Central banks have prescribed a regiment of rate increases and the end of QE to stop the spread of inflation, but the dosage may not be adequate to protect against its many variants.

3. Expanding return sources

Rising political tensions make the Fed’s fight with inflation even more tenuous. New sources of diversification and return may be needed as inflation undermines the traditional diversifying properties of bonds.

The U.S. Federal Reserve’s (“Fed”) pivot away from the view that inflation is “transitory” signaled the beginning of the end for the ultra-low rate environment we have come to think of as normal.

Financial markets reacted to this new information by aggressively repricing shorter-term interest rates to start the year. The exit from these policies now appear well priced-in for the U.S. as yield curves have flattened to levels typically associated with the end of a tightening cycle. Investors are now debating the terminal rate and what happens if inflation does not fall as much as consensus and the Fed expects.
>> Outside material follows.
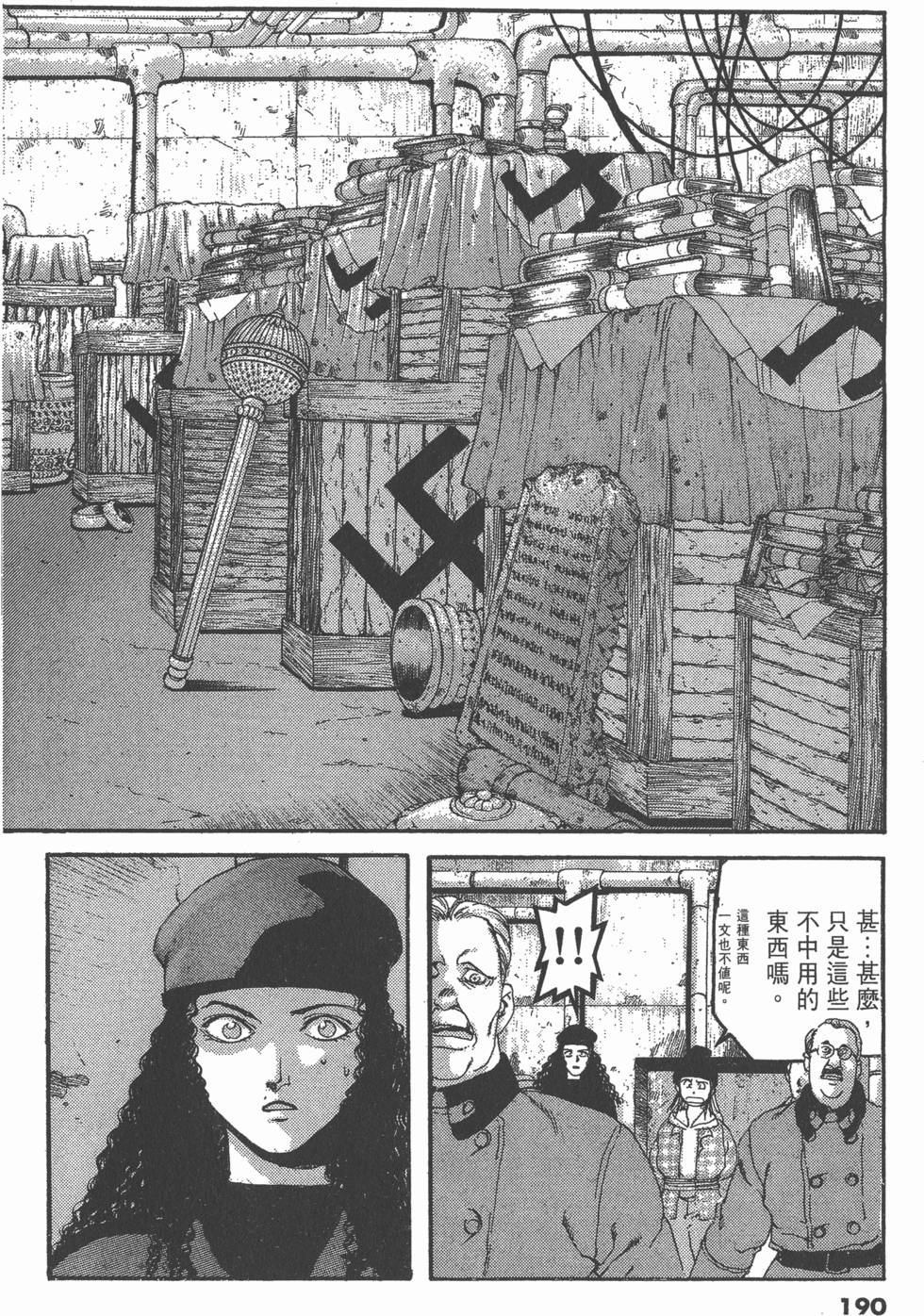 第186页
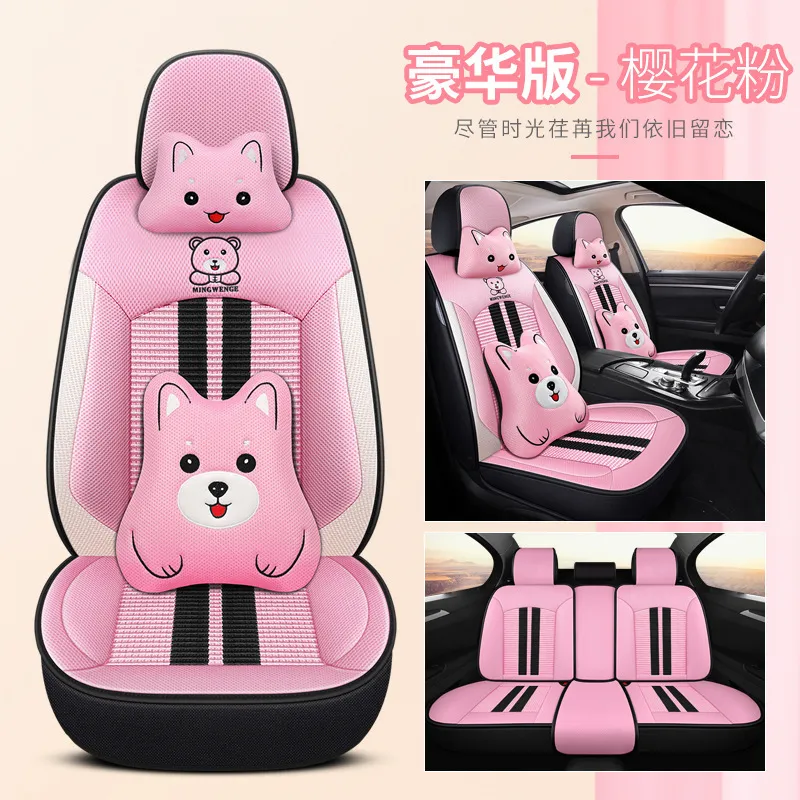 Barbie car seat 2025 covers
It looks almost certain that the Fed must end the era of quantitative easing (“QE”). Was QE a success? We must wait for quantitative tightening (“QT”) to see. The ultimate judge of more than a decade long experiment in unconventional policies lies in how the Fed can balance its conflicting objectives of maximum employment and stable prices without fully knowing how financial conditions will respond.

Past inflationary cycles rarely end well for financial markets. The Russian invasion induced spike in commodity prices holds the potential to further exacerbate what might already be in train: a wage-price spiral. The risks surrounding this scenario have clearly increased and a more cautious outlook for this downside possibility is increasingly warranted.